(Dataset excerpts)
=== Begin Enclosure ===

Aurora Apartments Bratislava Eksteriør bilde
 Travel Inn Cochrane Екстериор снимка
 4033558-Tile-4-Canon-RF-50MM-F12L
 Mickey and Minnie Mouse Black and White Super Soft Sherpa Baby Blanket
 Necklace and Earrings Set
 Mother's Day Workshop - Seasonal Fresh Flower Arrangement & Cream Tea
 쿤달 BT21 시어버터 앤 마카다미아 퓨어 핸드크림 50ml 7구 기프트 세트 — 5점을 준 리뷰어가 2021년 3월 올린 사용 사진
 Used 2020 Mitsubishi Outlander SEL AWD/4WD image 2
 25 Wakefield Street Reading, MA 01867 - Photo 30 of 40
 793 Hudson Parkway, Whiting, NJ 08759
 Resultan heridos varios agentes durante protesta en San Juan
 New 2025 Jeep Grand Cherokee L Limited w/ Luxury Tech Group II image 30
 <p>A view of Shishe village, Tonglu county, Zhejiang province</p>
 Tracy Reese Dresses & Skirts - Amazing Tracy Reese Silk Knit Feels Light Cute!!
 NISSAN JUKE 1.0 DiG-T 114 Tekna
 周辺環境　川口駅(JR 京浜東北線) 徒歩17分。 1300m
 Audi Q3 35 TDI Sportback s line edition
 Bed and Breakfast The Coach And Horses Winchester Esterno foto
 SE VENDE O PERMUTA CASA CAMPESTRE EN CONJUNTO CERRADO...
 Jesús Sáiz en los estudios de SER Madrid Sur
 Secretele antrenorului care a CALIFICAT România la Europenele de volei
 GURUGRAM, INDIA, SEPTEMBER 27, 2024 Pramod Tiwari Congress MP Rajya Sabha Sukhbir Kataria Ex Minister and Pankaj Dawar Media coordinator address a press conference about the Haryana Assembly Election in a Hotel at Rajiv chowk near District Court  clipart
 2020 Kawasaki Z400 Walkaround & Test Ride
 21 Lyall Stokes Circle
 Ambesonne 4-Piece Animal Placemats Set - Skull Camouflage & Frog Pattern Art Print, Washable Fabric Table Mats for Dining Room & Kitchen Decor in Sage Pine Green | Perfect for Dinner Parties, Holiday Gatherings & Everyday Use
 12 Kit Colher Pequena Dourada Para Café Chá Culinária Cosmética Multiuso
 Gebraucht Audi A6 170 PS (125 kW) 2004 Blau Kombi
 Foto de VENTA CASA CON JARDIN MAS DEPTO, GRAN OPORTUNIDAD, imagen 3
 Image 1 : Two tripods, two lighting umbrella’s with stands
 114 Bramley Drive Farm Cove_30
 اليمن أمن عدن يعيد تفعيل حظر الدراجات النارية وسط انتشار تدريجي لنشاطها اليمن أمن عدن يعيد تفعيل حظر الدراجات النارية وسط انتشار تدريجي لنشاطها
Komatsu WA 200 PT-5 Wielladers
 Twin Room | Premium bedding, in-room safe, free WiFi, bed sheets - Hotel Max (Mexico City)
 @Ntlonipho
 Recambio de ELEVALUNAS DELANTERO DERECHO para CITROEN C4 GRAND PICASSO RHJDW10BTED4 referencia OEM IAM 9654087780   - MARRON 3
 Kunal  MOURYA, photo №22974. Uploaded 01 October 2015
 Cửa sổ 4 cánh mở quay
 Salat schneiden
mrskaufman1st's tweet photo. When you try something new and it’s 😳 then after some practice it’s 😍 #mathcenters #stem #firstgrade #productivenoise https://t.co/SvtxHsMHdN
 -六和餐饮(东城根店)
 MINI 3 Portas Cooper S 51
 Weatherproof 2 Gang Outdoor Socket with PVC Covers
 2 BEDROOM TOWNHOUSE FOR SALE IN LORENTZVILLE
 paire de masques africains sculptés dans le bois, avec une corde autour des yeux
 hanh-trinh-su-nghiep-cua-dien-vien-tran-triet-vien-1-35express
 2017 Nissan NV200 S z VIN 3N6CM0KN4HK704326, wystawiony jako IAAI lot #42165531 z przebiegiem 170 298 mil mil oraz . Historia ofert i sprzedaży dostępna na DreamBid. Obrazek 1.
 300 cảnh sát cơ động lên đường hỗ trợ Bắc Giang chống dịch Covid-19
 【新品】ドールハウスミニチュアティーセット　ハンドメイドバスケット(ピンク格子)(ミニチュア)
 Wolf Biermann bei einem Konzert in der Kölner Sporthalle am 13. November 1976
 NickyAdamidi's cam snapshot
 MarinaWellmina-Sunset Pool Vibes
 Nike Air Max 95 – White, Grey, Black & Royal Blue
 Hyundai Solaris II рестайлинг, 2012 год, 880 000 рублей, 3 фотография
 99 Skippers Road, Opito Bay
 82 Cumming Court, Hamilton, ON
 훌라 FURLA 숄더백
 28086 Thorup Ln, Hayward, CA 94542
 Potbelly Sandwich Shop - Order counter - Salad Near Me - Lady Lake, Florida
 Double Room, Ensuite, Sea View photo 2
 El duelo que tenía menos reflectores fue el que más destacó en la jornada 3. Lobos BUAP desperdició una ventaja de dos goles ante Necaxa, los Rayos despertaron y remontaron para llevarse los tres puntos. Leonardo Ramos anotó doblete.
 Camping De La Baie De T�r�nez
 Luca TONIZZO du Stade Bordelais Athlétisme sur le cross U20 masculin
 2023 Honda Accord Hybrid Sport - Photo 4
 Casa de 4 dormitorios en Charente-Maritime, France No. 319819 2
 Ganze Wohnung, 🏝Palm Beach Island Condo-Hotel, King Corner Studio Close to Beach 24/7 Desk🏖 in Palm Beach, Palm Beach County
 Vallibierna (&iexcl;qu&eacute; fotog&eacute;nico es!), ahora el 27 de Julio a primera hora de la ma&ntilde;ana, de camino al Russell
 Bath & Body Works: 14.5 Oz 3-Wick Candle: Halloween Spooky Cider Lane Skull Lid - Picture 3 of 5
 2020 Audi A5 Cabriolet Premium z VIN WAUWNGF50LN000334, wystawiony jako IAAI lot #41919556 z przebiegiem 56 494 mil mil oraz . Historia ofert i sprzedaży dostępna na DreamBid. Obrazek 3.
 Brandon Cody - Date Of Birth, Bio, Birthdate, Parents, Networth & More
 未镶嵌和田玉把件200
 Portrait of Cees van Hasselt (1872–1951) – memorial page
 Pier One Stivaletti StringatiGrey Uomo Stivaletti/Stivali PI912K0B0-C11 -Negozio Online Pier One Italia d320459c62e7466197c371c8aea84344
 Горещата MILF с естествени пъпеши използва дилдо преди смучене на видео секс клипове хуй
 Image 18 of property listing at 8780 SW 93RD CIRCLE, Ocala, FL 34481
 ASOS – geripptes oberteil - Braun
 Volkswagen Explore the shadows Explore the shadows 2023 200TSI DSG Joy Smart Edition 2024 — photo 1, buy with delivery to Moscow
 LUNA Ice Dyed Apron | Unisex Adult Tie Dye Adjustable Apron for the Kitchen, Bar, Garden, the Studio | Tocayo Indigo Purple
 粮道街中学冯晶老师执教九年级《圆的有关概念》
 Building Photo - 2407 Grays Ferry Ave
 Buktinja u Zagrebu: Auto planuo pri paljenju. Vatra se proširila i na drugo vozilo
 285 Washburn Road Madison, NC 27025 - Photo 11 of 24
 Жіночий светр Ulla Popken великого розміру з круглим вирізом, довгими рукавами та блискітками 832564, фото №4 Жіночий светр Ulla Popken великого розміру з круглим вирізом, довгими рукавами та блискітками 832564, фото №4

=== End Enclosure ===

■ Work to be completed ■
The entire set of entries, and nothing else, should be set down exactly.

■ Written answer ■
Aurora Apartments Bratislava Eksteriør bilde
 Travel Inn Cochrane Екстериор снимка
 4033558-Tile-4-Canon-RF-50MM-F12L
 Mickey and Minnie Mouse Black and White Super Soft Sherpa Baby Blanket
 Necklace and Earrings Set
 Mother's Day Workshop - Seasonal Fresh Flower Arrangement & Cream Tea
 쿤달 BT21 시어버터 앤 마카다미아 퓨어 핸드크림 50ml 7구 기프트 세트 — 5점을 준 리뷰어가 2021년 3월 올린 사용 사진
 Used 2020 Mitsubishi Outlander SEL AWD/4WD image 2
 25 Wakefield Street Reading, MA 01867 - Photo 30 of 40
 793 Hudson Parkway, Whiting, NJ 08759
 Resultan heridos varios agentes durante protesta en San Juan
 New 2025 Jeep Grand Cherokee L Limited w/ Luxury Tech Group II image 30
 <p>A view of Shishe village, Tonglu county, Zhejiang province</p>
 Tracy Reese Dresses & Skirts - Amazing Tracy Reese Silk Knit Feels Light Cute!!
 NISSAN JUKE 1.0 DiG-T 114 Tekna
 周辺環境　川口駅(JR 京浜東北線) 徒歩17分。 1300m
 Audi Q3 35 TDI Sportback s line edition
 Bed and Breakfast The Coach And Horses Winchester Esterno foto
 SE VENDE O PERMUTA CASA CAMPESTRE EN CONJUNTO CERRADO...
 Jesús Sáiz en los estudios de SER Madrid Sur
 Secretele antrenorului care a CALIFICAT România la Europenele de volei
 GURUGRAM, INDIA, SEPTEMBER 27, 2024 Pramod Tiwari Congress MP Rajya Sabha Sukhbir Kataria Ex Minister and Pankaj Dawar Media coordinator address a press conference about the Haryana Assembly Election in a Hotel at Rajiv chowk near District Court  clipart
 2020 Kawasaki Z400 Walkaround & Test Ride
 21 Lyall Stokes Circle
 Ambesonne 4-Piece Animal Placemats Set - Skull Camouflage & Frog Pattern Art Print, Washable Fabric Table Mats for Dining Room & Kitchen Decor in Sage Pine Green | Perfect for Dinner Parties, Holiday Gatherings & Everyday Use
 12 Kit Colher Pequena Dourada Para Café Chá Culinária Cosmética Multiuso
 Gebraucht Audi A6 170 PS (125 kW) 2004 Blau Kombi
 Foto de VENTA CASA CON JARDIN MAS DEPTO, GRAN OPORTUNIDAD, imagen 3
 Image 1 : Two tripods, two lighting umbrella’s with stands
 114 Bramley Drive Farm Cove_30
 اليمن أمن عدن يعيد تفعيل حظر الدراجات النارية وسط انتشار تدريجي لنشاطها اليمن أمن عدن يعيد تفعيل حظر الدراجات النارية وسط انتشار تدريجي لنشاطها
Komatsu WA 200 PT-5 Wielladers
 Twin Room | Premium bedding, in-room safe, free WiFi, bed sheets - Hotel Max (Mexico City)
 @Ntlonipho
 Recambio de ELEVALUNAS DELANTERO DERECHO para CITROEN C4 GRAND PICASSO RHJDW10BTED4 referencia OEM IAM 9654087780   - MARRON 3
 Kunal  MOURYA, photo №22974. Uploaded 01 October 2015
 Cửa sổ 4 cánh mở quay
 Salat schneiden
mrskaufman1st's tweet photo. When you try something new and it’s 😳 then after some practice it’s 😍 #mathcenters #stem #firstgrade #productivenoise https://t.co/SvtxHsMHdN
 -六和餐饮(东城根店)
 MINI 3 Portas Cooper S 51
 Weatherproof 2 Gang Outdoor Socket with PVC Covers
 2 BEDROOM TOWNHOUSE FOR SALE IN LORENTZVILLE
 paire de masques africains sculptés dans le bois, avec une corde autour des yeux
 hanh-trinh-su-nghiep-cua-dien-vien-tran-triet-vien-1-35express
 2017 Nissan NV200 S z VIN 3N6CM0KN4HK704326, wystawiony jako IAAI lot #42165531 z przebiegiem 170 298 mil mil oraz . Historia ofert i sprzedaży dostępna na DreamBid. Obrazek 1.
 300 cảnh sát cơ động lên đường hỗ trợ Bắc Giang chống dịch Covid-19
 【新品】ドールハウスミニチュアティーセット　ハンドメイドバスケット(ピンク格子)(ミニチュア)
 Wolf Biermann bei einem Konzert in der Kölner Sporthalle am 13. November 1976
 NickyAdamidi's cam snapshot
 MarinaWellmina-Sunset Pool Vibes
 Nike Air Max 95 – White, Grey, Black & Royal Blue
 Hyundai Solaris II рестайлинг, 2012 год, 880 000 рублей, 3 фотография
 99 Skippers Road, Opito Bay
 82 Cumming Court, Hamilton, ON
 훌라 FURLA 숄더백
 28086 Thorup Ln, Hayward, CA 94542
 Potbelly Sandwich Shop - Order counter - Salad Near Me - Lady Lake, Florida
 Double Room, Ensuite, Sea View photo 2
 El duelo que tenía menos reflectores fue el que más destacó en la jornada 3. Lobos BUAP desperdició una ventaja de dos goles ante Necaxa, los Rayos despertaron y remontaron para llevarse los tres puntos. Leonardo Ramos anotó doblete.
 Camping De La Baie De T�r�nez
 Luca TONIZZO du Stade Bordelais Athlétisme sur le cross U20 masculin
 2023 Honda Accord Hybrid Sport - Photo 4
 Casa de 4 dormitorios en Charente-Maritime, France No. 319819 2
 Ganze Wohnung, 🏝Palm Beach Island Condo-Hotel, King Corner Studio Close to Beach 24/7 Desk🏖 in Palm Beach, Palm Beach County
 Vallibierna (&iexcl;qu&eacute; fotog&eacute;nico es!), ahora el 27 de Julio a primera hora de la ma&ntilde;ana, de camino al Russell
 Bath & Body Works: 14.5 Oz 3-Wick Candle: Halloween Spooky Cider Lane Skull Lid - Picture 3 of 5
 2020 Audi A5 Cabriolet Premium z VIN WAUWNGF50LN000334, wystawiony jako IAAI lot #41919556 z przebiegiem 56 494 mil mil oraz . Historia ofert i sprzedaży dostępna na DreamBid. Obrazek 3.
 Brandon Cody - Date Of Birth, Bio, Birthdate, Parents, Networth & More
 未镶嵌和田玉把件200
 Portrait of Cees van Hasselt (1872–1951) – memorial page
 Pier One Stivaletti StringatiGrey Uomo Stivaletti/Stivali PI912K0B0-C11 -Negozio Online Pier One Italia d320459c62e7466197c371c8aea84344
 Горещата MILF с естествени пъпеши използва дилдо преди смучене на видео секс клипове хуй
 Image 18 of property listing at 8780 SW 93RD CIRCLE, Ocala, FL 34481
 ASOS – geripptes oberteil - Braun
 Volkswagen Explore the shadows Explore the shadows 2023 200TSI DSG Joy Smart Edition 2024 — photo 1, buy with delivery to Moscow
 LUNA Ice Dyed Apron | Unisex Adult Tie Dye Adjustable Apron for the Kitchen, Bar, Garden, the Studio | Tocayo Indigo Purple
 粮道街中学冯晶老师执教九年级《圆的有关概念》
 Building Photo - 2407 Grays Ferry Ave
 Buktinja u Zagrebu: Auto planuo pri paljenju. Vatra se proširila i na drugo vozilo
 285 Washburn Road Madison, NC 27025 - Photo 11 of 24
 Жіночий светр Ulla Popken великого розміру з круглим вирізом, довгими рукавами та блискітками 832564, фото №4 Жіночий светр Ulla Popken великого розміру з круглим вирізом, довгими рукавами та блискітками 832564, фото №4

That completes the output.